Society would have us believe that education is solely the formation of the mind and that knowledge alone is the singular solution to all our woes. Culture is saturated with the message that the more we know, the better we become. If this is true, why do our problems seem to multiply? Why is it that the smarter we claim to be, the fewer answers we possess?
The question begs to be answered: “Is the acquisition and sharing of knowledge the primary aim in this process we call education?” Could it be that there is learning that takes place in other parts of our being, not just our heads? Do we dare intertwine the feeble heart with the strength of our intellectual capacity?
The Covenant Difference Reflected in Our Portrait of a Graduate
At Covenant, the first major principle in the Portrait of the Graduate is to Love God. It attests to our belief that God, the Creator of all things, must be at the center of all we do. In Matthew 22:37, Jesus said, “You shall love the Lord your God with all your heart, with all your soul, and with all your mind.” This three-fold command shows that love for God cannot be segmented. It is not merely a moving of the heart, a discipline of the mind, or a supernatural transcendence of the soul. Remarkably, it is all these things in one.
So, how do we incorporate this love for God into our learning at Covenant? First and foremost, each day is started by opening God’s word, singing praises, and praying in Chapel.
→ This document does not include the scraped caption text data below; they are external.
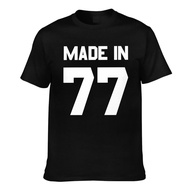 Summer Cool Made In 77 Good Printed Tshirt Man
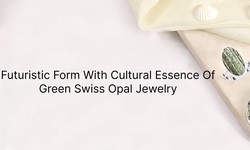 Modern Opulence: Contemporary Green Swiss Opal Jewelry for Sophisticated Looks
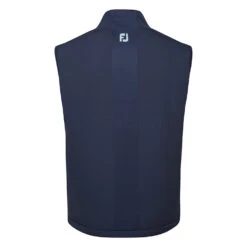FootJoy ThermoSeries Hybrid Golf Wind Vest -Golf Apparel Store FootJoy AW22 Thermoseries Hybrid Vest 88809 WTFOO068 Navy Back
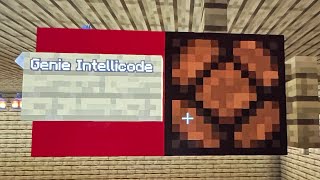 Minecraft Genie Intellicode Garage Door Opening And Closing [upl. by Trinetta844]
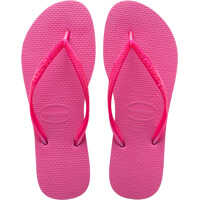 Slapi Slim Flip Flops In Pink Femei
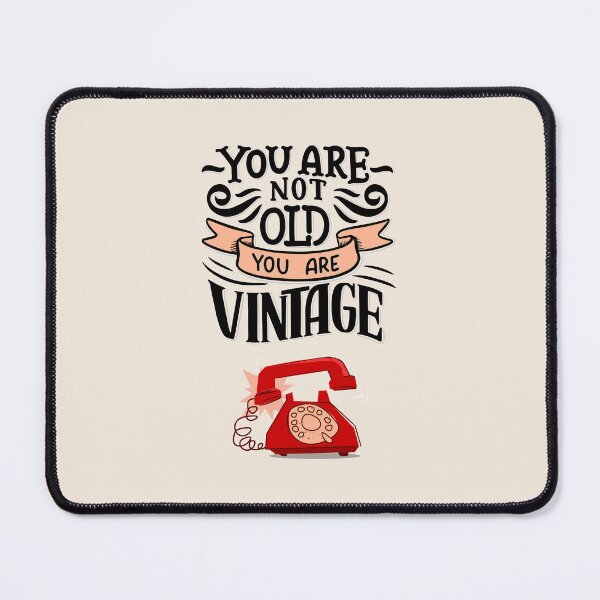 Item preview, You are vintage - Phone designed and sold by Monkey-Bar.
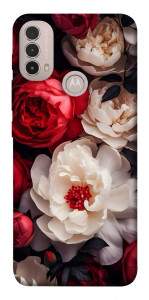 Чехол Velvet roses для Motorola Moto E40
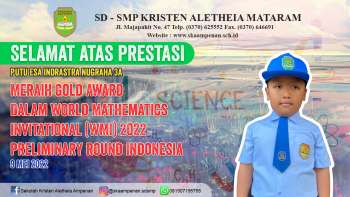 World Mathematic International 2022 Prelimenary Round Indonesia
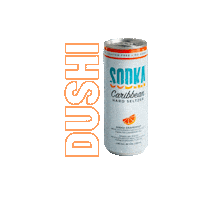 sodkacaribbeanhardseltzer cheers drinks caribbean curacao Sticker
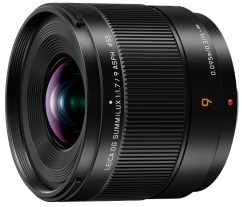 Panasonic LEICA DG SUMMILUX 9mm F/1.7 ASPH.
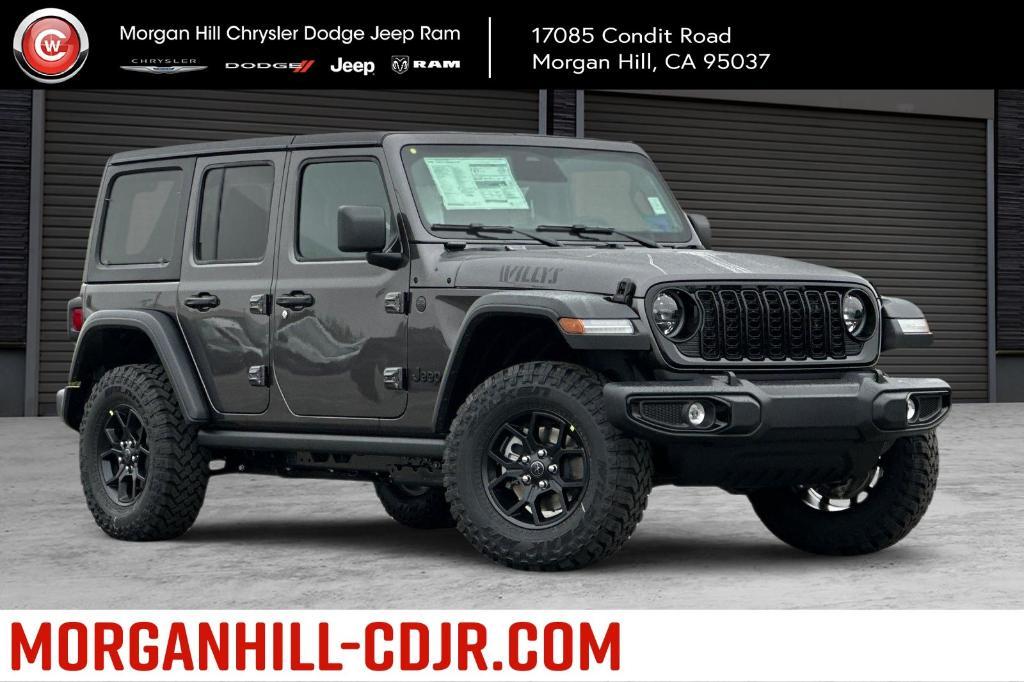 new 2026 Jeep Wrangler car, priced at $48,580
This daily act of worship allows us to focus our attention on the reason for our existence. But, that is not the end of it. The teachers at Covenant weave God into daily lessons throughout the curriculum in a very natural way. There are genuine interactions that are guided by a true love for the Savior. In addition, students are committed to memorizing Scripture and hiding God’s word in their hearts through recitation and other coursework. Our leadership reminds us that we must be humble. Love for God must begin with the acknowledgment of His omnipotence and the limitations of our humanity.
“Who Needs a Heart When a Heart Can Be Broken?”
At the intersection of spirituality and academia lies a truth that cannot be ignored. According to 1 Corinthians 13:8, “Love never ends. As for prophecies, they will pass away; as for tongues, they will cease; as for knowledge, it will pass away.” Perhaps it boils down to the fact that earthly knowledge is temporary, but love is an eternal knowing that can only come from God himself.
In the charming modern tale, The Miraculous Journey of Edward Tulane, Kate DiCamillo traces the path of a child’s toy rabbit who learns the hard way that love, and only love, is the key to life. In essence, without acknowledgment and honor of the giver of life, all other routes to finding purpose are dead ends. At one point in the story, the accuser states, “But answer me this, how can a story end happily if there is no love?”
Those of us who contemplate education must ask, “What is the ultimate end of our efforts?” The irony is that if we want to be whole, we must be broken. We must shed our disguises of self-righteous intelligence for a purer, deeper way of knowing. Education, then, does not become an either/or proposition. With the heart, mind and soul we can flourish if we are rooted and grounded in the love of the Father.